2. 2011 : la réforme de la taxe professionnelle « prend le relais »
Entre 2010 et 2011, les crédits de la mission s'inscrivent en recul de 12,8 %, soit -12,1 milliards d'euros. Ce recul affecte tant les remboursements et dégrèvements d'impôts d'Etat que d'impôts locaux.

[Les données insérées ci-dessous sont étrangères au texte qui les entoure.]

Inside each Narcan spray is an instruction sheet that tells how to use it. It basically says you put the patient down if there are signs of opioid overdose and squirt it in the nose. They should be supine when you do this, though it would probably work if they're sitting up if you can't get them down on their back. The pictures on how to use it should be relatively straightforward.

L'évolution de la budgétisation de la
mission entre la LFI 2010 et le PLF 2011
(en euros)
Source : commission des finances, d'après le projet annuel de performances
Les remboursements et dégrèvements d'impôts d'Etat refluent de 3,5 milliards d'euros pour s'établir à 71 milliards d'euros (-9,3 % par rapport à la LFI 2010). Une approche consolidée par impôt 2 ( * ) met en évidence les évolutions suivantes :
1) les remboursements et dégrèvements en matière d'impôt sur le revenu sont estimés à 7,4 milliards d'euros pour 2011, dont 2,6 milliards d'euros pour la partie restituée de la PPE, soit une diminution de 0,2 milliard d'euros par rapport au montant révisé pour 2010. Cette baisse s'explique essentiellement par l'impact de l'imputation du RSA « complément d'activité » sur la PPE et par l'aménagement du crédit d'impôt en faveur du développement durable ( cf. infra ) ;
2) les remboursements et dégrèvements associés à l'impôt sur les sociétés baissent de 4,8 milliards d'euros par rapport au montant révisé pour 2010 (-27,9%), en raison de la fin de la mesure de restitution anticipée des créances non imputées de crédit d'impôt recherche 3 ( * ) (CIR) et de l'amélioration du bénéfice fiscal 2010 4 ( * ) (+16%) ;
3) les remboursements et dégrèvements de TVA s'élèvent à 44,4 milliards d'euros, en progression de 0,8 milliard d'euros par rapport au montant révisé pour 2010, compte tenu d'une reprise lente du flux de crédit généré par l'activité économique, de la moindre propension des entreprises à demander des remboursements dans un contexte de détente sur leur trésorerie et de la stabilisation du rythme de traitement des demandes de remboursement des crédits de TVA par les services de la DGFiP.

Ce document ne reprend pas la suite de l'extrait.